→ **Aim of the exercise**:
Below is a listing to repeat exactly, with its pictures left out.
---- Data excerpt
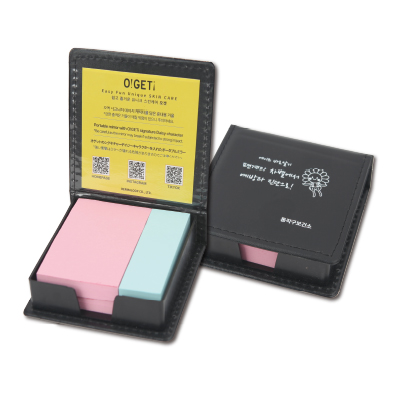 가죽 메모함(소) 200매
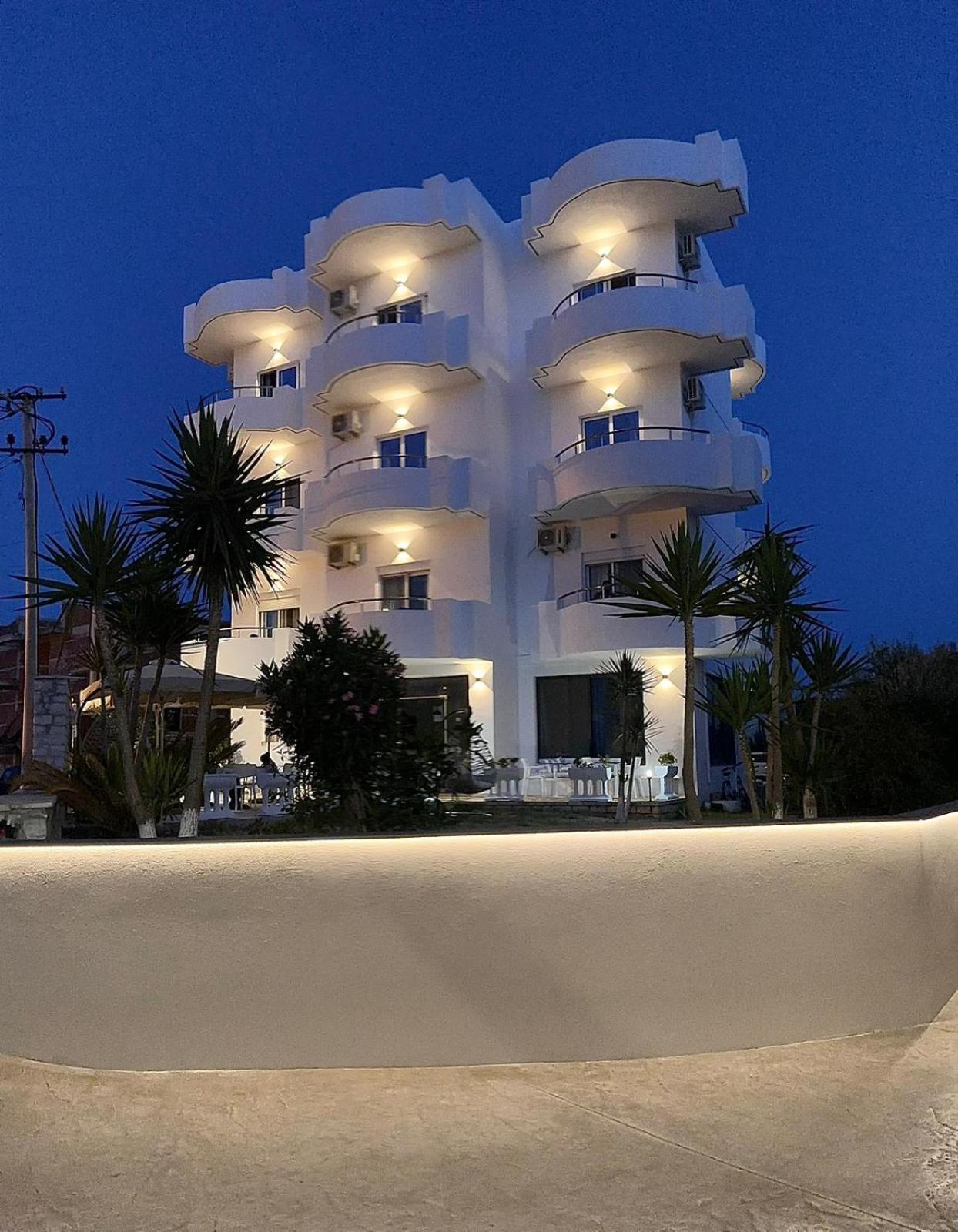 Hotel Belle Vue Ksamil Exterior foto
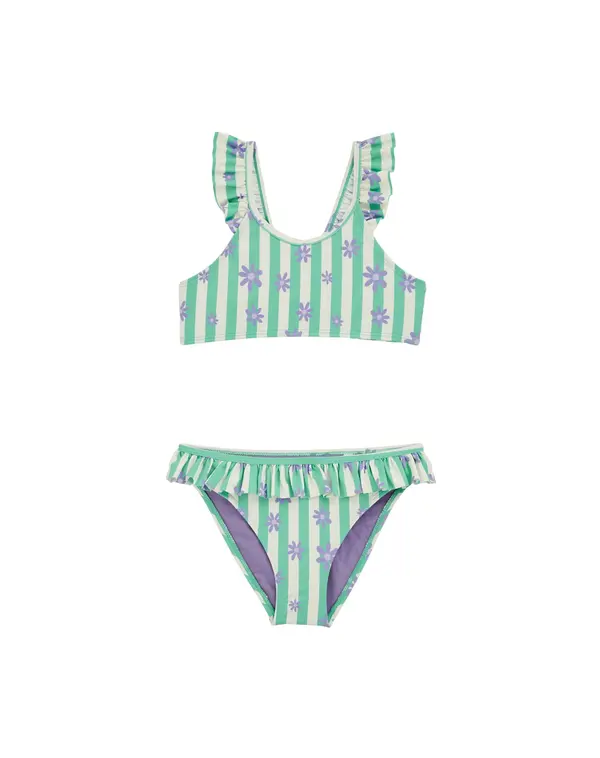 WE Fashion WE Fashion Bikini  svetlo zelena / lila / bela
--------
→ **Solution to this task**:
 가죽 메모함(소) 200매
 Hotel Belle Vue Ksamil Exterior foto
 WE Fashion WE Fashion Bikini  svetlo zelena / lila / bela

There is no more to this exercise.